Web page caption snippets
==*==
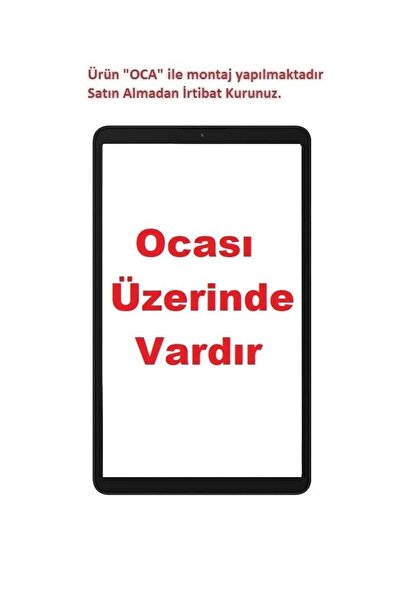 EYKA ELEKTRONİK Samsung Galaxy Tab A9 8.7'' SM-X110 X115 X117 Lcd Lens Cam Ön...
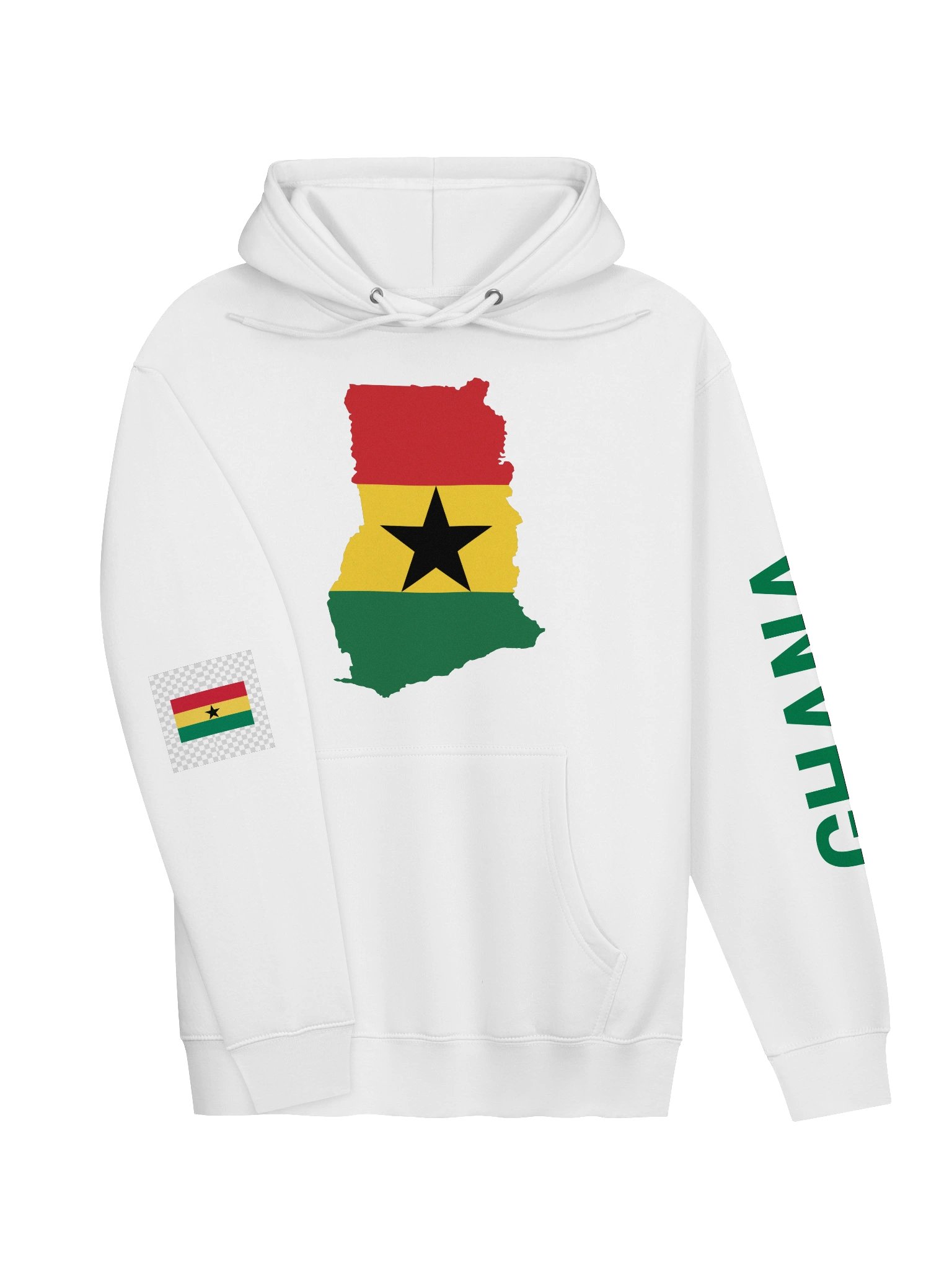 Official Ghana 2026 World Cup Flag Hoodie - "Black Star" Heritage Edition - Premium Hoodie product image (14)
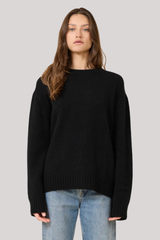 One Grey Day - Aster Cashmere Pullover - BLACK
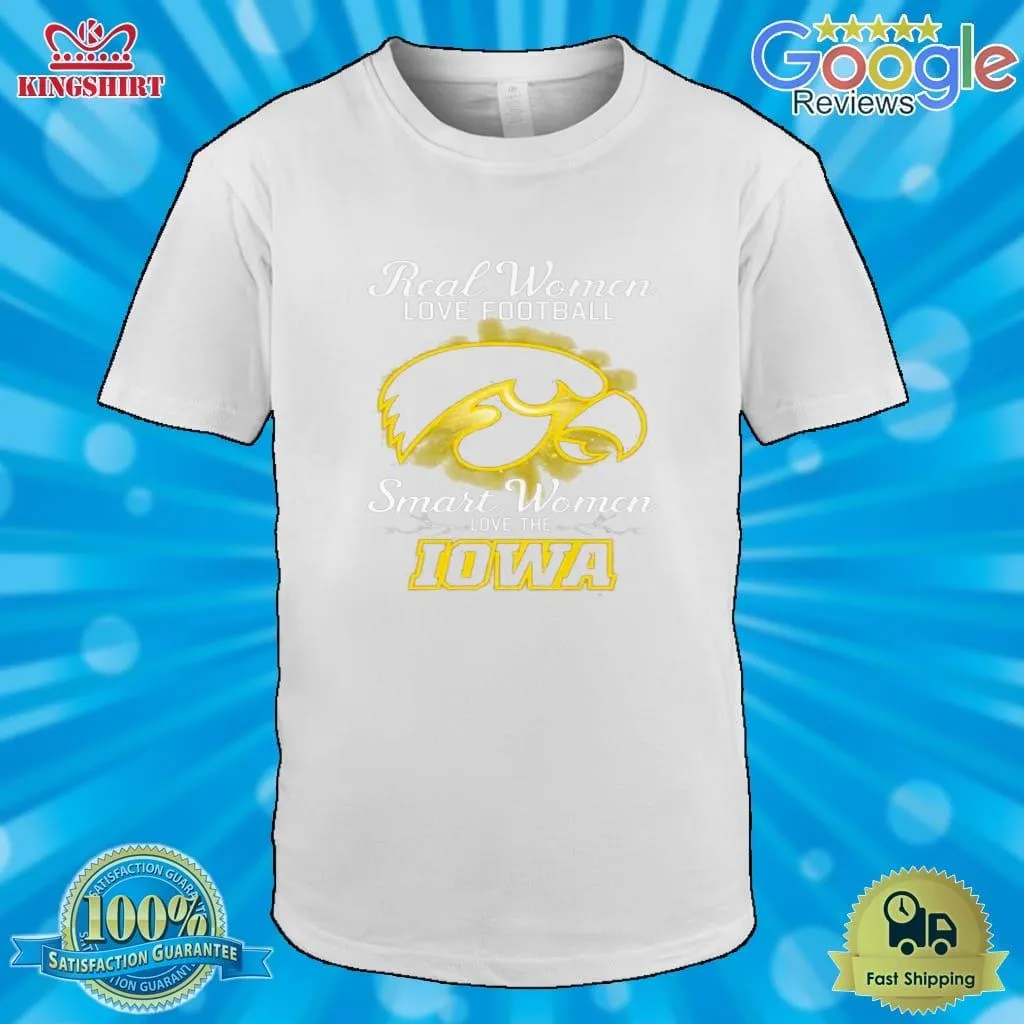Real Women Love Football Smart Women Love The Iowa Hawkeyes 2023 Logo Shirt Unisex Tshirt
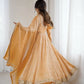 Fandy Silk Coded and Sequin Embroidered Gown Set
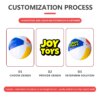 Custom Logo Printed High Quality Eco Friendly Huge PVC Inflatable Rainbow Beach Balls Promotional Toy Water Sport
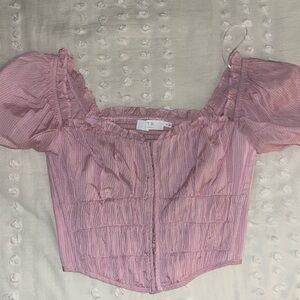 Astr Pink Top | Size Small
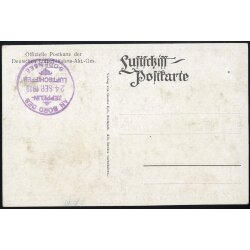 1919, Luftschiff Bodensee, Erinnerungskarte der Fahrt der...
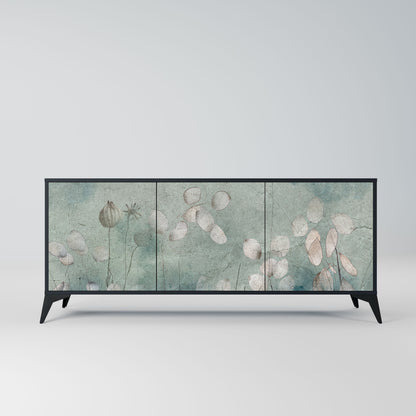 Credenza NIGHT LADY a 3 ante in finitura nera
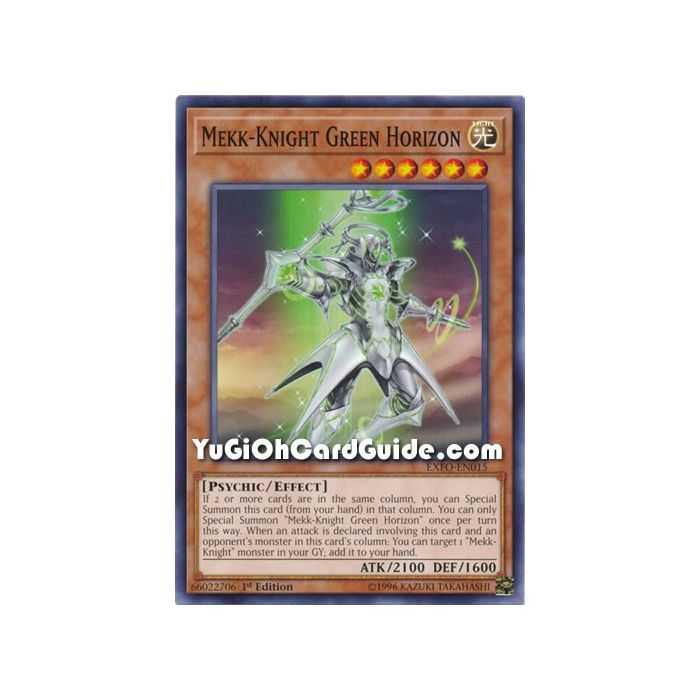 Mekk - Knight Green Horizon (Common) – Extreme Force | Carta YUGIOH en México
==*==
Excluding the pictures, write out exactly the lines from the line that contains "Astr Pink Top | Size Small" through the end of the records.

 Astr Pink Top | Size Small
 1919, Luftschiff Bodensee, Erinnerungskarte der Fahrt der...
 Credenza NIGHT LADY a 3 ante in finitura nera
 Mekk - Knight Green Horizon (Common) – Extreme Force | Carta YUGIOH en México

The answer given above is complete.